Alfred the Great was, in the truest sense of the term, a man of science; and we hail him as one who stands alone and unrivalled—the founder of the science of geography in this country.

ALFRED AS A WRITER

BY REV. PROFESSOR EARLE

ALFRED AS A WRITER

Our estimate of the literary achievements of King Alfred will depend very much upon what we are in the habit of thinking about his early education. If we are content to accept the story in Asser, that he had reached his twelfth year before he had learned to read, then we must reckon his literary career as a prodigy, a phenomenon which defies explanation. Or, if that will not satisfy us, we may liken him to his grandfather’s contemporary the great Charles, who, being illiterate, knew the value of learning, and surrounded himself with learned men. On this theory it would follow that the writings of King Alfred are his only in that sense in which all works and monuments are said to belong to the king who has ordered them and paid for them. He who refuses to be satisfied with either of these alternatives can hardly fail to question the story about Alfred and the picture-book.

The Saxon Chronicle says that Alfred was sent to Rome in the year 853, at which time he was a little boy.
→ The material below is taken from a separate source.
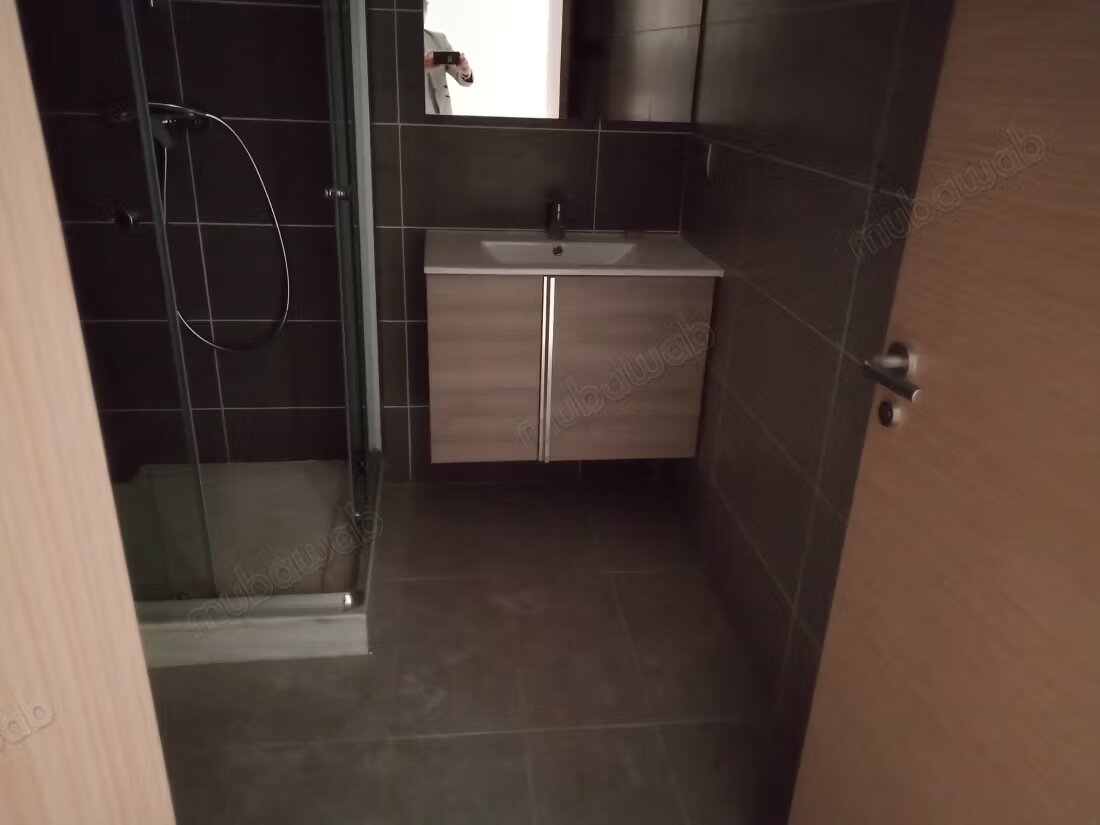 Apartment 96 m² for rent in Rabat (Riyad) — Photo 6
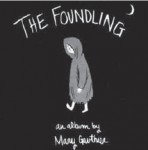 5_the_foundling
This statement naturally suggests that he was sent to reside at the English College in Rome for the benefit of his education. But this is blurred in Asser by the further statement that he went to Rome a second time in the very next year; which has the effect of reducing his travels to mere excursions. The second journey to Rome is not in the Chronicle, and it looks rather like an artifice, designed to parry the natural inference that the journey to Rome was for a prolonged and educational residence. Perhaps the author of “Asser’s Life” was minded to make his hero a prodigy, and to this end the picture-book story must by all means be protected and maintained. These variations had the effect of shaking the credibility of the narrative, and raising doubts as to whether Alfred ever went to Rome at all. The statement in the Chronicle got involved in that cloud of unreality which overshadows so much of Alfred’s history.

Happily this particular point is now quite cleared up. A letter has been discovered, written by Leo IV., the reigning Pope in the year 853, and addressed to King Æthelwulf, the father of Alfred, announcing the safe arrival of the boy. This discovery has added a new confirmation to the Chronicle, and has established it once for all as a firm historical fact, that Alfred was sent to Rome in the year 853. If now we interpret this step in the most natural manner, as designed by his father to send the child out of the way in dangerous times, and to occupy his tender years with liberal studies, we find the course of Alfred’s literary development well and reasonably accounted for. Indeed, it seems in every way most probable that Alfred enjoyed the best opportunities for study that the times afforded, and that he used them so far as was compatible with the vocation of a warrior. How many years he spent in Rome is not known; in the reign of Æthered he was at home and he made a conspicuous military figure while yet in his teens, and this seems to indicate that he had never in his book-learning forgotten that he would have to fight for his country against the northern invaders.